Adopting the 'poignant descriptive words' of Munby J (as he then was) in Re D (Intractable Contact Dispute: Publicity)  1 FLR 1226, His Honour Judge Clifford Bellamy began his judgment in Warwickshire County Council v TE & Ors  EWHC B19 yesterday as follows:
"On 21 July 2010 a wholly deserving father left my court in tears having been driven to abandon his battle to implement an order which I had made on 4th January 2010 that his son, S, now aged 12, should move to live with him."
So ends ligation relating to child S, which has been before the court almost continuously since June 1999.
The essential facts of the case are as follows:
1. The child S was born on 5th March 1998.
2. S's parents separated before he was born.
3. In June 1999 the father applied for and obtained contact, which eventually included staying contact.
4, The contact broke down in February 2006.
5. Over the next four years "immense energy and resources were invested in trying to reinstate a meaningful relationship between father and son", but those efforts failed.
6. The father applied for a residence order and on 4th January 2010 residence was transferred from mother to father - see S (A Child), Re  EWHC 192. The court found that S had suffered emotional harm, that S had become alienated from his father and that there was a risk that the long-term consequences of alienation and estrangement from his father could be damaging to S's welfare.
7. The mother appealed and on 21st January her application for permission to appeal was dismissed by the Court of Appeal - Re S (A Child)  EWCA Civ 219.
8. On the 3rd March the court ordered that the mother should take S to the father's home on 11 March, failing which the services of the Tipstaff would be engaged to implement the transfer the next day (S (A Child)  EWHC B2).
9. S appealed against this decision and on 17th March his appeal was allowed – Re S (A Child)  EWCA Civ 325. The Court of Appeal ordered that there should be an interim care order in favour of the local authority until 7 April; that S should be transferred to an identified foster placement after school the next day, on 18 March; that reintroduction of father and son should take place by face to face contact beginning the following day, 19 March; that transfer of S to his father's care should be effected by 27 March; that the mother's contact should be restricted to indirect contact by telephone; and that the matter should be listed for further directions on the 25th March.
10. S refused to engage in any attempted contact with his father and the social worker became 'most concerned for his emotional and mental health', advising the father that she 'did not believe that any further good could come with S remaining in foster care'.
11. Accordingly, at the hearing on 25th March the father agreed that S should return to his mother, though under the auspices of the interim care order.
12. Thereafter, further attempts at contact were made, but the boy continued to refuse to engage.
13. On the 13th July the father's counsel informed the court that he no longer intended to seek the implementation of the residence order made on 4th January.
14. The parents then agreed that there should be a residence order in favour of the mother; that there should be a supervision order in favour of the local authority for one year; that the father have indirect contact only and that pursuant to s.91(14) Children Act 1989 neither parent shall, without the permission of the court, make any further application in respect of the child until he has reached the age of 16. On the 21st July the court approved an order in these terms.
The reason for this judgment is set out by Judge Bellamy in paragraph 11:
"This has been an extraordinary case.

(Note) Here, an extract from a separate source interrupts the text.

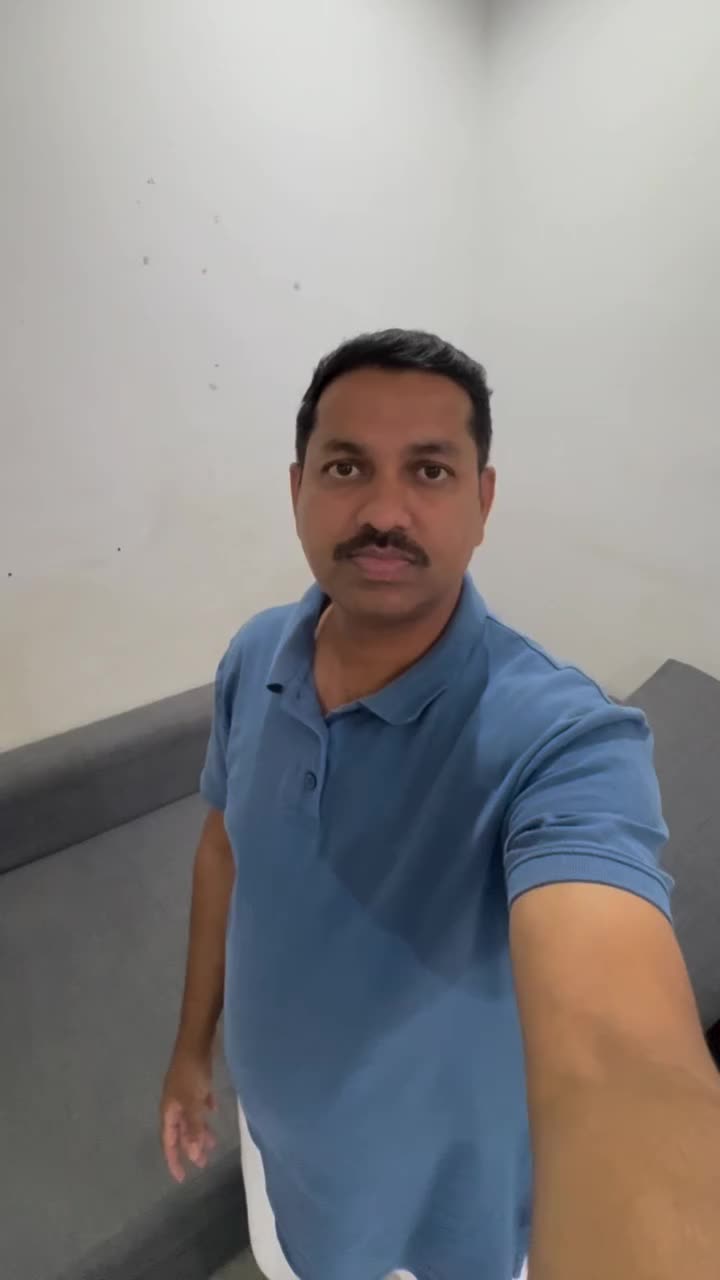 @salam TN25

The two Court of Appeal decisions attracted wide publicity. There has also been significant professional interest. Against that background I was persuaded that it would not be appropriate to end this case simply by the court approving an order agreed between the parties. In his position statement for the hearing on 21 July, Mr Vater, counsel for the local authority, made the point that the story did not end with the last hearing before the Court of Appeal. He submitted that 'before that decision or those preceding it are relied upon in other, similar cases, either by any experts for the purposes of research or lawyers in support of their cases, the full story should be recorded.' I agree. That is the purpose of this judgment."
Having set out the full story, Judge Bellamy concluded his judgment with some reflections on some of the issues that arose, including discussing the concept of alienation, dealing with a case involving an alienated child and the need for evidence from an appropriately experienced expert.
To end on a slightly more hopeful note, the judgment has as a postscript an email from the guardian describing a meeting at which S was informed of the final order. After the meeting S told the guardian 'that this was not the end and he would think about seeing his father after his GCSE's'.